Continual learning is known for suffering from catastrophic forgetting. This phenomenon happens when the earlier learned concepts are forgotten due to the arrival of more recent learning samples. In this work, we present our novel main finding that reconstruction tasks (3D shape reconstruction, 2.5D sketch estimation and image autoencoding) do not suffer from catastrophic forgetting ([Sec. 1]). We attempt to explain this behavior in [Sec. 2]. We further provide a potential of having a proxy task to improve the performance of continual learning of classification in [Sec. 3]. In [Sec. 4] we introduce YASS—a novel yet simple baseline for classification. Finally, we present DyRT, a novel tool for tracking the dynamic of representation learning in continual learning models in [Sec. 5].

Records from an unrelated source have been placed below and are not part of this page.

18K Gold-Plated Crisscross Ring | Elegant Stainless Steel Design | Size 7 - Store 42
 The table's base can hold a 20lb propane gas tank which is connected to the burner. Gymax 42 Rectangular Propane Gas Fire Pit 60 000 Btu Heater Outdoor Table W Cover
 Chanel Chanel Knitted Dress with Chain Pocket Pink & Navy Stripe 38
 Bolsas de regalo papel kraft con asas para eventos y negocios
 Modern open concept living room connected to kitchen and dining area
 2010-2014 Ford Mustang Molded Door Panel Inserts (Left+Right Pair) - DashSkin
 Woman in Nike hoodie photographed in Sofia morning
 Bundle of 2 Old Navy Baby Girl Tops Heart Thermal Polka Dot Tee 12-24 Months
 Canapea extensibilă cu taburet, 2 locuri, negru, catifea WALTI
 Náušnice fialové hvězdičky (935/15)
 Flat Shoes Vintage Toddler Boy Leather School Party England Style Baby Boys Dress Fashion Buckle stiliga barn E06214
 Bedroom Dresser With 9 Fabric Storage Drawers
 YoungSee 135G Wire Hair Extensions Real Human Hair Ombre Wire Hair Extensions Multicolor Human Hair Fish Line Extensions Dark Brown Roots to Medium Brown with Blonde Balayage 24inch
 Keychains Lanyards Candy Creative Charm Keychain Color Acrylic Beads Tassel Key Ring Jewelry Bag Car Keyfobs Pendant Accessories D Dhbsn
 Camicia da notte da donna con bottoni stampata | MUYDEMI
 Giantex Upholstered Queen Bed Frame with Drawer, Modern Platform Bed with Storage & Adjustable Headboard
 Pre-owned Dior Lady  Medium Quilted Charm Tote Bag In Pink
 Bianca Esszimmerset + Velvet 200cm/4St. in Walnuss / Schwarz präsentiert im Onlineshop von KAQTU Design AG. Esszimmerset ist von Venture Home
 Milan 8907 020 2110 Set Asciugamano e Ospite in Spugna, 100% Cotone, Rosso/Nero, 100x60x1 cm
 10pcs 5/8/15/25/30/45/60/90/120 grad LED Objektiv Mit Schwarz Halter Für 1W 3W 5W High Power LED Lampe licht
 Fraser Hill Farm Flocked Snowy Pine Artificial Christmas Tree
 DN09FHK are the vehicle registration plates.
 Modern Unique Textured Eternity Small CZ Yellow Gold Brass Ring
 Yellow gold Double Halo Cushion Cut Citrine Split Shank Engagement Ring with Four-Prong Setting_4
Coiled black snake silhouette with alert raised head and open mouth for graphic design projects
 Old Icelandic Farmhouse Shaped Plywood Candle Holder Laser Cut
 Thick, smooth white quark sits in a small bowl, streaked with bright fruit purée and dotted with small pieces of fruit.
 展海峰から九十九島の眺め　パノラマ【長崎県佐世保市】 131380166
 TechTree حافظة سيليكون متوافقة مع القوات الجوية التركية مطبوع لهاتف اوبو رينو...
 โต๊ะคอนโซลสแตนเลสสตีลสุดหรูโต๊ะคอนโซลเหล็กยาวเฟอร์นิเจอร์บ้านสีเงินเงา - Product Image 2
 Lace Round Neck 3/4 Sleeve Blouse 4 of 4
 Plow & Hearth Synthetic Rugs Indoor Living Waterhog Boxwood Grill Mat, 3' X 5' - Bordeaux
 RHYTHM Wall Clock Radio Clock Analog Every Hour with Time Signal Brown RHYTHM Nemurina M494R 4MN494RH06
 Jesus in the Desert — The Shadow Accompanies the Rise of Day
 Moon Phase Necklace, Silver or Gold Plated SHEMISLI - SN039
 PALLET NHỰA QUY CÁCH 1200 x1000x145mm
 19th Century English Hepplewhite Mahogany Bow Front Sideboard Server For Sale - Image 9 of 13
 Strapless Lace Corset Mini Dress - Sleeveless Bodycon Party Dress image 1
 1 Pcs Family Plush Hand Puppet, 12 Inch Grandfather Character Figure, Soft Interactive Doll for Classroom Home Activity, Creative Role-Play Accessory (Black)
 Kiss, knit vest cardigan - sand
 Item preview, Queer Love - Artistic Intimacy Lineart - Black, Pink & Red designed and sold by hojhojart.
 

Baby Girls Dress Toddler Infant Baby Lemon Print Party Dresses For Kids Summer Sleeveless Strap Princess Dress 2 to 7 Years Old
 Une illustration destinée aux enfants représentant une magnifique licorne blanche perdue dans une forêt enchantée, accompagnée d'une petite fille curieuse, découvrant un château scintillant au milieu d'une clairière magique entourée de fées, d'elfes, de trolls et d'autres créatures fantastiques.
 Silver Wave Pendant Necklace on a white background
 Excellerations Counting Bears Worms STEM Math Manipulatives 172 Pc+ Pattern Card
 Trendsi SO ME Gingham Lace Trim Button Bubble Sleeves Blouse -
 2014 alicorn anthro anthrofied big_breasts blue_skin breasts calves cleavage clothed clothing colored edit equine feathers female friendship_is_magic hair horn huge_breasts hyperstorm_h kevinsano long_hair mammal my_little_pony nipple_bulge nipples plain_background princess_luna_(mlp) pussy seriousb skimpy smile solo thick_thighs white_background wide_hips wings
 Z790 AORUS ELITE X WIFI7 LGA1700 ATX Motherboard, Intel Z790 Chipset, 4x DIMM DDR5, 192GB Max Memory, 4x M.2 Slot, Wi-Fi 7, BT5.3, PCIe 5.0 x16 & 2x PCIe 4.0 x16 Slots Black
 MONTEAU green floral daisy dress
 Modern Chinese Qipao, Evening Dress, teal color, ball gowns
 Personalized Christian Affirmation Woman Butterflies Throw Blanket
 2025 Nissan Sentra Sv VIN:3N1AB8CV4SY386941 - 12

1. Reconstruction Tasks Do Not Suffer from Catastrophic Forgetting
We demonstrate that, unlike classification task, reconstruction tasks do not suffer from catastrophic forgetting when learning continually. The reconstruction algorithm used is standard SGD run on each learning exposure. We do not need to utilize additional losses, external memory, or other methods to achieve good continual learning performance. Average accuracy on seen classes is shown at each learning exposure in the following plots.





2. Representation Positive Transfer in Reconstruction Tasks
We demonstrate that, unlike classification task, 3D shape reconstruction task is able to propagate the learned feature representation forward between learning exposures (referred to as positive forward transfer), which is presumably one of the keys to the success of reconstruction tasks. In the following experiment, we utilize GDumb [1] and a variant of GDumb, GDumb++, which differs from GDumb in that the model trained at each exposure is initialized with the weights learned in the previous exposure (ie. not starting from scratch). Since both GDumb and GDumb++ are trained on the same amount of input data, any performance gap is attributable to the value of propagating the learned representation.